● The problem
Could you set down exactly the lines in the records below between the line holding "Valextra ISIDE Handtasche aus Leder Grün" and the line holding "Grey Wash Coffee Table X143060", inclusive?

● Material to process
******
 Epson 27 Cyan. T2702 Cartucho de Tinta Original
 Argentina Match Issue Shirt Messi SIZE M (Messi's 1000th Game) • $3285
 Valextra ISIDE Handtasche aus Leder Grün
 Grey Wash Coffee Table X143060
******
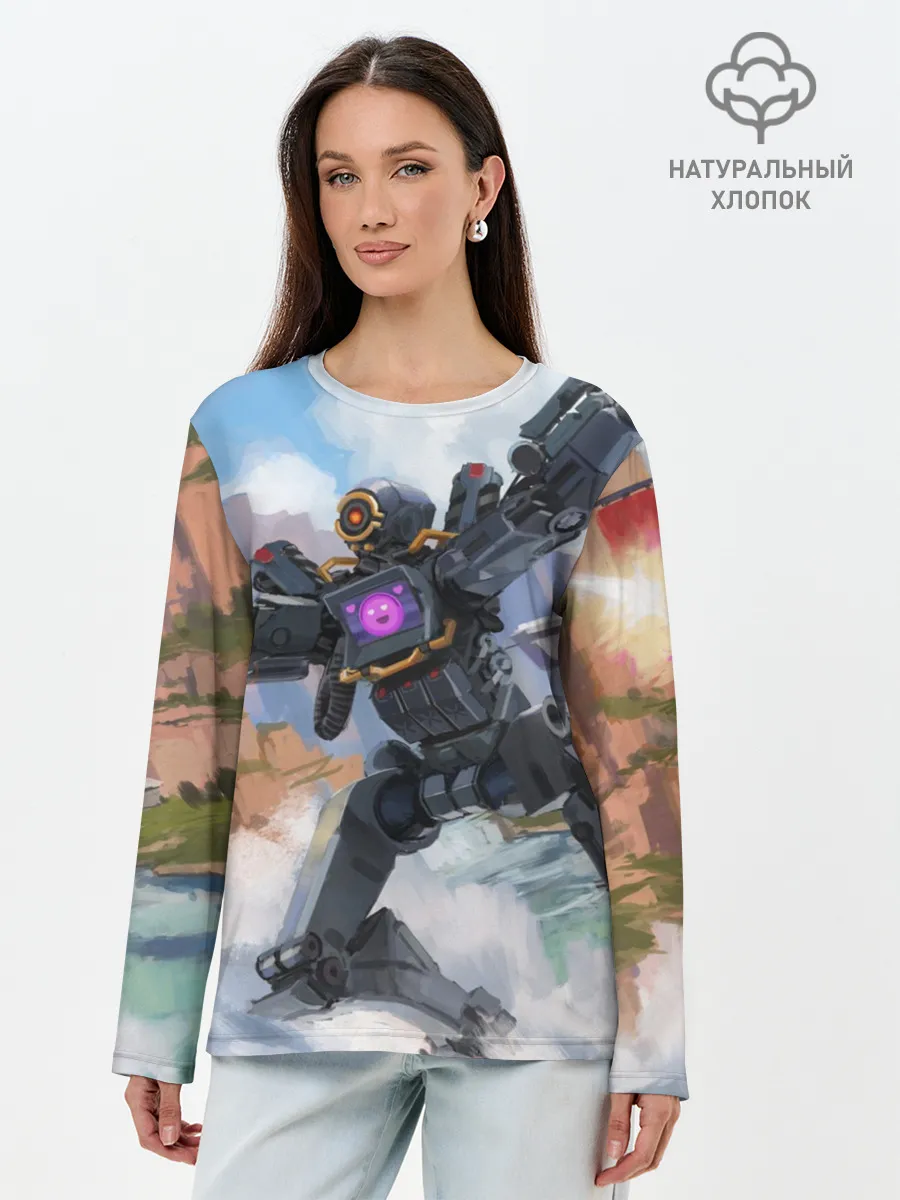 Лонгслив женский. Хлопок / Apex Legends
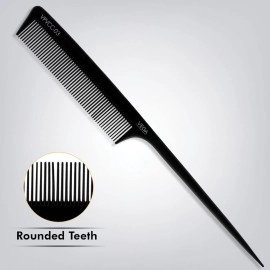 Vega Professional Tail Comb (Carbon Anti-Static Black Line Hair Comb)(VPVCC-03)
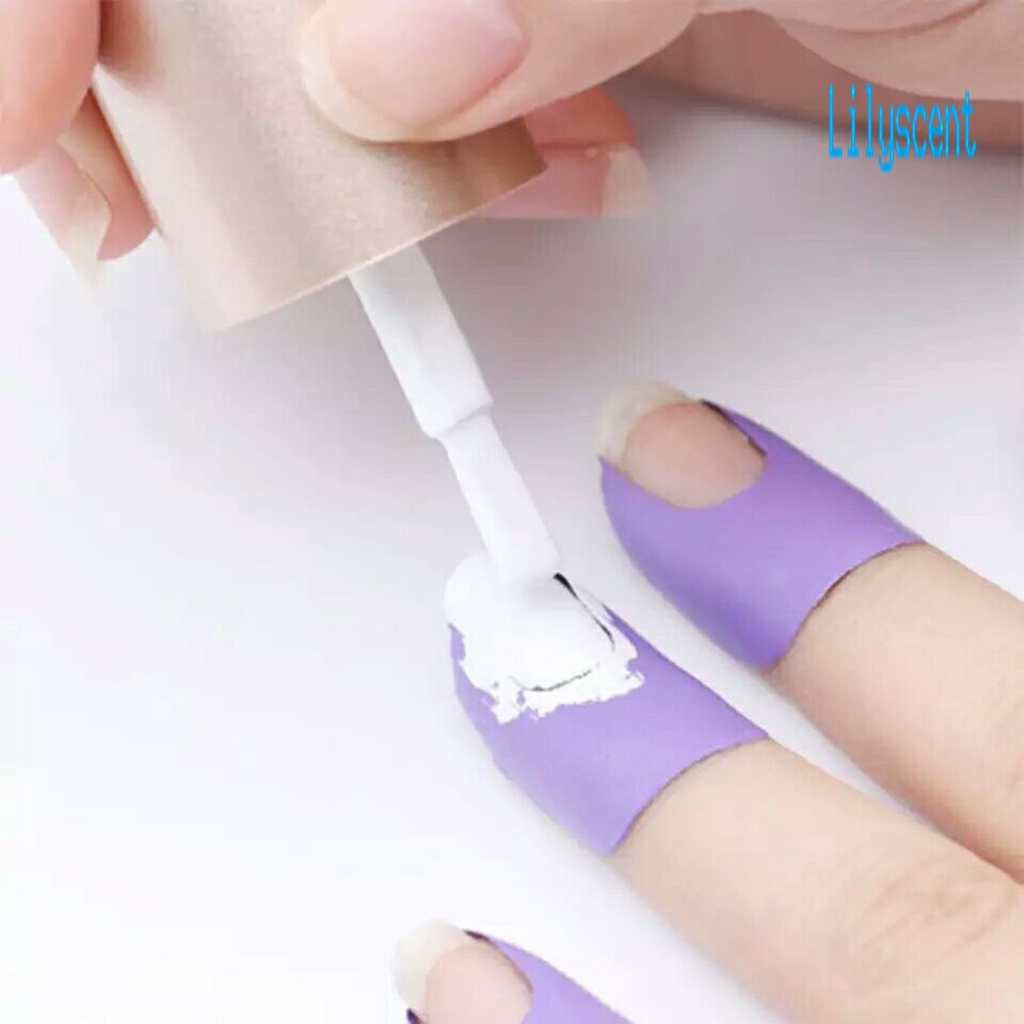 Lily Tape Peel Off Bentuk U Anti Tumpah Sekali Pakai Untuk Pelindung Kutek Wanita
******
● Response box
 Valextra ISIDE Handtasche aus Leder Grün
 Grey Wash Coffee Table X143060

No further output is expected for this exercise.